Type of Document Dissertation Author Gopalakrishna Pillai, Kishore Author's Email Address email@example.com URN etd-07082005-000400 Title Accuracy, Confidence, and Calibration of Consumer Knowledge: Roles of Product Type, Product Involvement, and General Self-Efficacy Degree Doctor of Philosophy Department Marketing, Department of Advisory Committee
Advisor Name Title Ronald Goldsmith Committee Chair Charles Hofacker Committee Member James Carson Committee Member Michael Brusco Committee Member Keywords
- Knowledge Calibration
- Subjective Knowledge
- Consumer Knowledge
Date of Defense 2005-06-30 Availability unrestricted AbstractThis dissertation sought to apply the construct of knowledge calibration to the domain of consumer research. Product involvement, product type, and general self-efficacy were postulated to influence calibration of consumer knowledge. Need for cognition was proposed as a moderator to the relationships between (a) product involvement and calibration, and (b) product type and calibration. Calibration, in turn, was proposed to affect decision-making accuracy.
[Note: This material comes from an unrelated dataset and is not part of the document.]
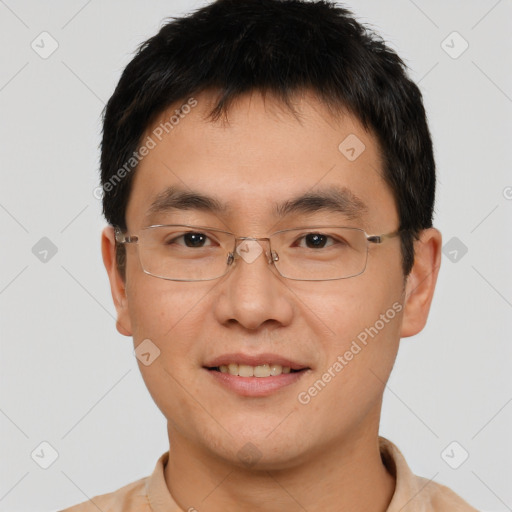 Joyful asian young-adult male with short  brown hair and brown eyes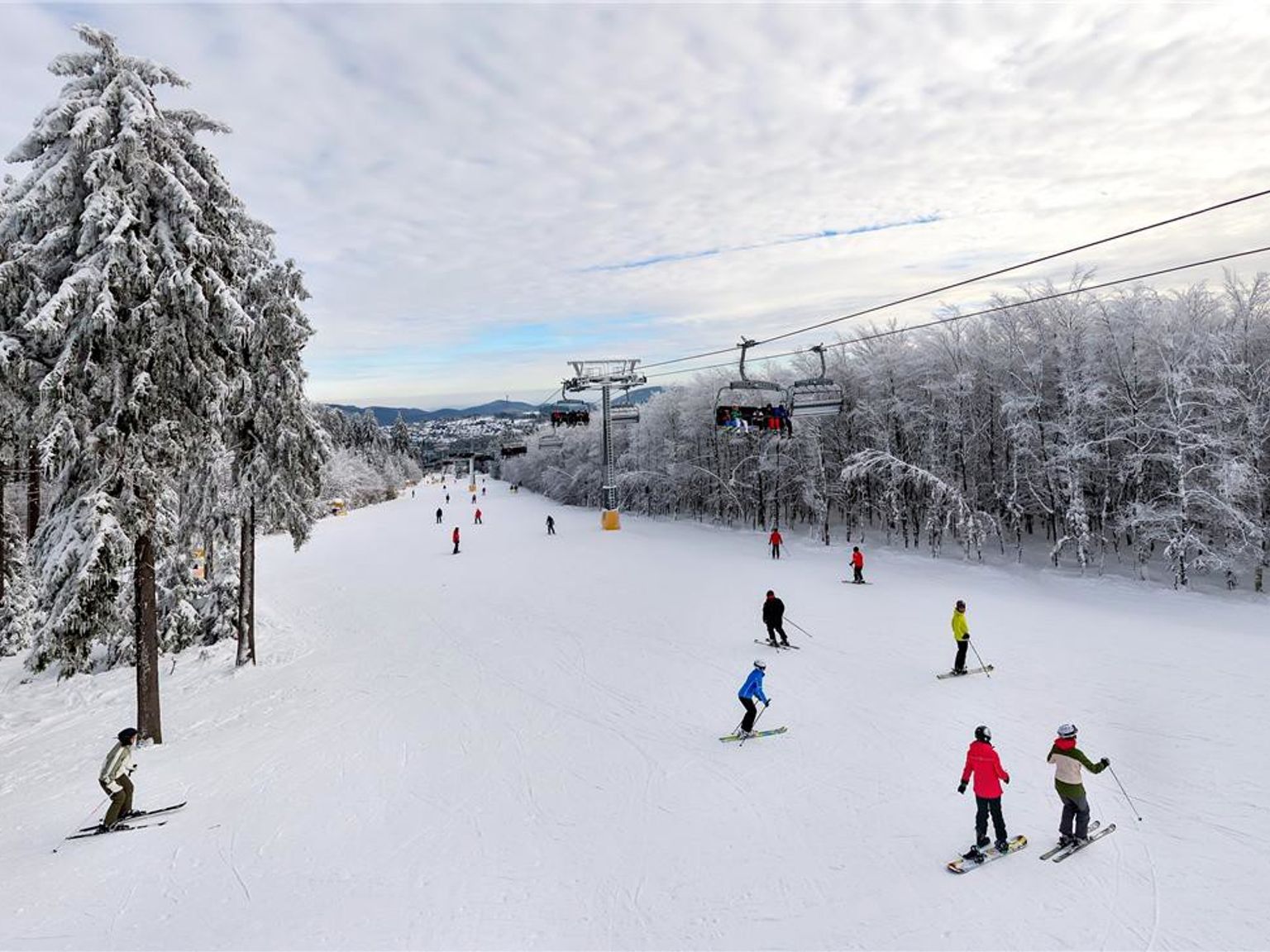 Skiërs en snowboarders dalen een besneeuwde berghelling af, geflankeerd door met rijp bedekte bomen, met een skilift zichtbaar boven hen. Center Parcs Park Hochsauerland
The proposed model was informed by research in the streams of psychology and consumer behavior. Insurance and music were chosen as the two product categories based on pretests. The questionnaire, measuring the constructs under study, was developed based on literature review, expert interviews, and pretests among knowledgeable respondents.
Data was collected from 332 students enrolled in undergraduate business courses. Regression analysis was used to test the proposed effects. Moderation was examined using subgroup analysis.
Results show that four of the ten hypotheses were supported at the .05 level of significance. One hypothesis was partially supported (linear effect instead of the proposed curvilinear effect).
The key result of the study is the empirical validation of the calibration – decision-making relationship. It was also found that significant proportions of consumers are underconfident in their knowledge. As an early examination of knowledge calibration in the consumer domain, the findings are promising. Several avenues of possible research have been highlighted.